On this episode of the “AI Wisdom – Talking Innovation in Insurance” podcast, host Ron Glozman speaks with Chris Laver, Chief Data Scientist, Chisel AI about the art and science of machine learning and how it can be applied to core insurance processes. They also tackle a few of the common misconceptions about AI and ML. Click the play button to listen or read the full transcript below.

Full Transcript

Ron: Hello, and welcome to “AI Wisdom Talking Innovation in Insurance”. On this podcast, we talk to business and insurtech leaders about how artificial intelligence is transforming the way we buy and sell insurance. I'm your host, Ron Glozman, founder and CEO of Chisel AI, and a strong believer in the power of AI to help people work smart and enrich their lives. So, let's get into it.

There’s a lot of AI hype in the marketplace, which can result in misunderstandings and misconceptions. Machine learning and artificial intelligence are buzzwords that are often used as synonyms. However, machine learning is a technique at the core of AI, where AI is a broad field, covering many areas, including natural language processing, speech to text, machine vision, etc. In its simplest form, machine learning is about learning patterns and predicting outcomes from large data sets. Like most technologies, machine learning is useful in particular areas to solve very specific business cases or problems.

On this episode, we’ll take a closer look at both the art and the science of machine learning and how it can be applied to some core insurance processes. I’m very pleased to have with me today Chris Laver, our very own Chief Data Scientist at Chisel AI, join me today, as we unpack a little bit in the art and world of machine learning. Welcome, Chris. Before we jump in, can you please introduce yourself?
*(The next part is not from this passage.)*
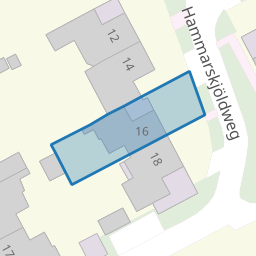 Perceel LCM00-B-7621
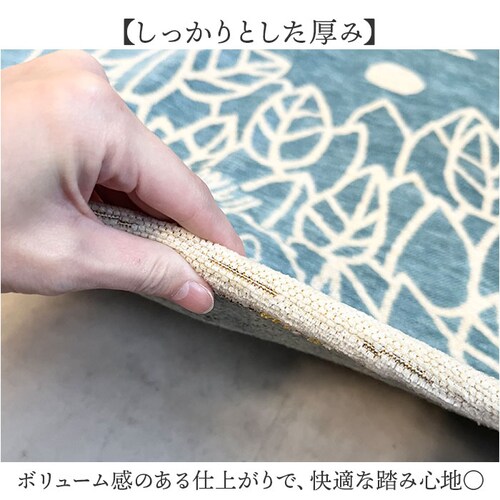 ���[�~�� ���O�}�b�g �ʔ� �~�` �S�u�����D�胉�O ���O�J�[�y�b�g �J�[�y�b�g �~�`���O ���O �O�~ ���イ���� ������� �I�V���� ���킢�� �ی^ �� �t �� �H �~ �q������ ���r���O �C���e���A_5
Chris: Yeah, for sure. My name’s Chris, I’m the Chief Data Scientist here at Chisel AI, as Ron mentioned. My background is software engineering and mathematics and I spent entirely too long in grad school, prepping myself for a career in machine learning.

Ron: Excellent. So, Chris, let’s jump right in. Machine learning is a subset of artificial intelligence, and a lot of enterprises are starting to think about how they can leverage machine learning to operate more efficiently and more accurately. Can you talk a little bit about machine learning, what it is and how it works?

Chris: Absolutely. On my very first day of grad school, my advisor asked me to define what AI and machine learning were and we actually spent about two years arguing back and forth about that topic. I promise my answer right now won’t take two years but bear with me. We’re talking about machine learning, which is a little bit more straight forward than the entire field of AI. Broadly speaking, it’s the science of teaching a machine to perform a task, to accomplish a goal by example, rather than by explicitly programming the machine. So, with traditional software, software development, a programmer would sit down, and they would write a program that processes a bunch of data and produces an answer. A machine learning algorithm flips that paradigm on its head. It takes data and it takes some known answers and it produces or writes the program for you.

Now I say program, but a machine learning system is fundamentally math. It draws heavily from statistics, from linear algebra, from calculus, and a program that’s written by a machine learning model is actually a complicated mathematical function that transforms that data into answers.

Ron: Love it! Chris, I can imagine that two years would have been just riveting for everybody to listen to.

Chris: It was a fun conversation.

Ron: So, would it be fair to say in maybe a slightly different word, a deterministic system versus a probabilistic system?

Chris: That’s a good distinction. It’s important to note that most machine learning algorithms are probabilistic or stochastic when they’re learning, when you’re training them. So they don’t end up the same every time, but when it comes time to use them, a phase we call inference, they’re mostly deterministic, which means you are going to repeatedly get the same answer, given the same data over and over.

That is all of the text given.